Rules to ban politicians in the US state of South Dakota from having “sexual contact” with interns have been voted down by the very people the proposed changes would have applied to.

Senator Stace Nelson proposed the rule change, which was designed to prevent legislators from engaging in appropriate situations with their legislative interns and pages.

He told the Joint Committee on Legislative Procedure that South Dakota’s lawmakers have previously become embroiled in scandals involving sexual harassment and sexual contact with interns and high school pages.

At least one legislator faced charges in 2007 for allegedly groping a legislative page, South Dakota’s Argus Leader reports.

Legislative pages apply through their schools to gain work experience in the state’s legislative sessions and are given accommodation while working for a term.

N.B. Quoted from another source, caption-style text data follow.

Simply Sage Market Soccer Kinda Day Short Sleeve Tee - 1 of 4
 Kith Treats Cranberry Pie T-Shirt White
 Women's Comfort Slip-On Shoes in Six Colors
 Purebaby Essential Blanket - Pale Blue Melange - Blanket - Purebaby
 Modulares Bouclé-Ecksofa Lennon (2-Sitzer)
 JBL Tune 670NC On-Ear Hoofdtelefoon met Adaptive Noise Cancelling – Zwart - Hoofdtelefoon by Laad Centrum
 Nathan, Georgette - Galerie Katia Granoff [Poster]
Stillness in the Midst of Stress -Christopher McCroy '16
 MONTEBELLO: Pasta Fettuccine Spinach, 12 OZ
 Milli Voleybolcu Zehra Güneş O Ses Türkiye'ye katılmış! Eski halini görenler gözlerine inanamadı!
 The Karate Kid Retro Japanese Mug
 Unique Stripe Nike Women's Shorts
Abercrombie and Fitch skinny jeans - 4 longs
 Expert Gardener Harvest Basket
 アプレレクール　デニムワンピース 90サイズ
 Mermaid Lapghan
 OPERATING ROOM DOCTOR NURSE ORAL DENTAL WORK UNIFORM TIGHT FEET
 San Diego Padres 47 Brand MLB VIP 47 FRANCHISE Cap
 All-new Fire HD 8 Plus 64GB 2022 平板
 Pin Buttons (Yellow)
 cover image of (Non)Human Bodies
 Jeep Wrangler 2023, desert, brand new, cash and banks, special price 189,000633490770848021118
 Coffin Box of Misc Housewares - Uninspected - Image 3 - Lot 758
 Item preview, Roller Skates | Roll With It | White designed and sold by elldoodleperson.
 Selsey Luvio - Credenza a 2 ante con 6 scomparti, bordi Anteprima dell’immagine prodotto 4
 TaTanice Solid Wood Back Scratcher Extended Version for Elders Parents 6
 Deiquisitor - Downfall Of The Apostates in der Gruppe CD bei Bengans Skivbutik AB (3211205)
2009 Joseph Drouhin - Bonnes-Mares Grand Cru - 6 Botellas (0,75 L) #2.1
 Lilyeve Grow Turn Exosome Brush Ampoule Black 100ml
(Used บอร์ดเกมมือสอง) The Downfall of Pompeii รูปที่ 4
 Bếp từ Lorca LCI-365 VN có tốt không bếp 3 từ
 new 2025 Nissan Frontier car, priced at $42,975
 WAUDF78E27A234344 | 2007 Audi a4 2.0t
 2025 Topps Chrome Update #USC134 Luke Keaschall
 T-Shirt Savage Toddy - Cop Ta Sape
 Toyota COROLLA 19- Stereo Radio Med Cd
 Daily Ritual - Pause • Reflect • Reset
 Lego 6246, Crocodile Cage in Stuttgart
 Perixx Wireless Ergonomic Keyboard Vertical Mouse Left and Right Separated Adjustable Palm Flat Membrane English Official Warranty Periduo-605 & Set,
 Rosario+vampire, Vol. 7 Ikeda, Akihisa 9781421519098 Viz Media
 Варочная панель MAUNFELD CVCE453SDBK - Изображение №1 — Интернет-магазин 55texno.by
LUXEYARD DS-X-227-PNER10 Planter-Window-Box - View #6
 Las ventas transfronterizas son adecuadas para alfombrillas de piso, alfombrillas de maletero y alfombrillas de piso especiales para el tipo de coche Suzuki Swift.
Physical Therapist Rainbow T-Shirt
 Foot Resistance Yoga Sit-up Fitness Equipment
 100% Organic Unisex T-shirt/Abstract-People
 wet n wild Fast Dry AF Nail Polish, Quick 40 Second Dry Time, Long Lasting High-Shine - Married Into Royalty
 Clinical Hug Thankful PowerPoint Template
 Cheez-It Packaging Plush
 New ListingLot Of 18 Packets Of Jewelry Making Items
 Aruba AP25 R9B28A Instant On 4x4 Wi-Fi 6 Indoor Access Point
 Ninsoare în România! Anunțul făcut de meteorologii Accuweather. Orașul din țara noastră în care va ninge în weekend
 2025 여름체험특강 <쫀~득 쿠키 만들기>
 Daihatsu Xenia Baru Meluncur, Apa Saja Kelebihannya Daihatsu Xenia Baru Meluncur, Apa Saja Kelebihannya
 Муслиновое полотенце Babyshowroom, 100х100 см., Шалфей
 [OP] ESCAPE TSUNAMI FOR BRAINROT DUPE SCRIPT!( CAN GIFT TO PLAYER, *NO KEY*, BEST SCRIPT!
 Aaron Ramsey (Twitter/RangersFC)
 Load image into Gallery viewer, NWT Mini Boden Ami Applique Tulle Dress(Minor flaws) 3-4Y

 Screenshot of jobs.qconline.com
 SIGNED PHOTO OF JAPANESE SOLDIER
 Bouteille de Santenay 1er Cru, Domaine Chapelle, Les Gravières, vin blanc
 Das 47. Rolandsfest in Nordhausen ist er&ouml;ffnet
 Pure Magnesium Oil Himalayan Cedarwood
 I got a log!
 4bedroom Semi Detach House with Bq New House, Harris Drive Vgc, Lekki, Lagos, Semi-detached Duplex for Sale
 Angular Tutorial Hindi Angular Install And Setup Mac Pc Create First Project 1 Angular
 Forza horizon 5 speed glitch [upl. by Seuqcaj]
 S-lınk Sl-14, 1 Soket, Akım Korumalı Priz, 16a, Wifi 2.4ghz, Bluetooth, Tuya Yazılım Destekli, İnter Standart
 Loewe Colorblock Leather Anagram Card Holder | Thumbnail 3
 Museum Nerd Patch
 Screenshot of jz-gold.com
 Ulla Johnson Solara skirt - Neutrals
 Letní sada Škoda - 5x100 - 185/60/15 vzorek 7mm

Mr Nelson said: “The facts are, this body went through a very public and ugly trial about a decade ago. There's been events in history that indicate these rules should have been put in stone and they haven’t.”

“This is a rule we brought forth to address this so that there is no grey area.”

However, opponents maintained that such behaviour was already barred.

Representative David Lust said: “I'm hesitant to pass something when we get into itemising every potential wrongdoing that a legislator could commit, lest this become a criminal code rather than a code of ethics.”

The proposal was defeated by nine votes to four.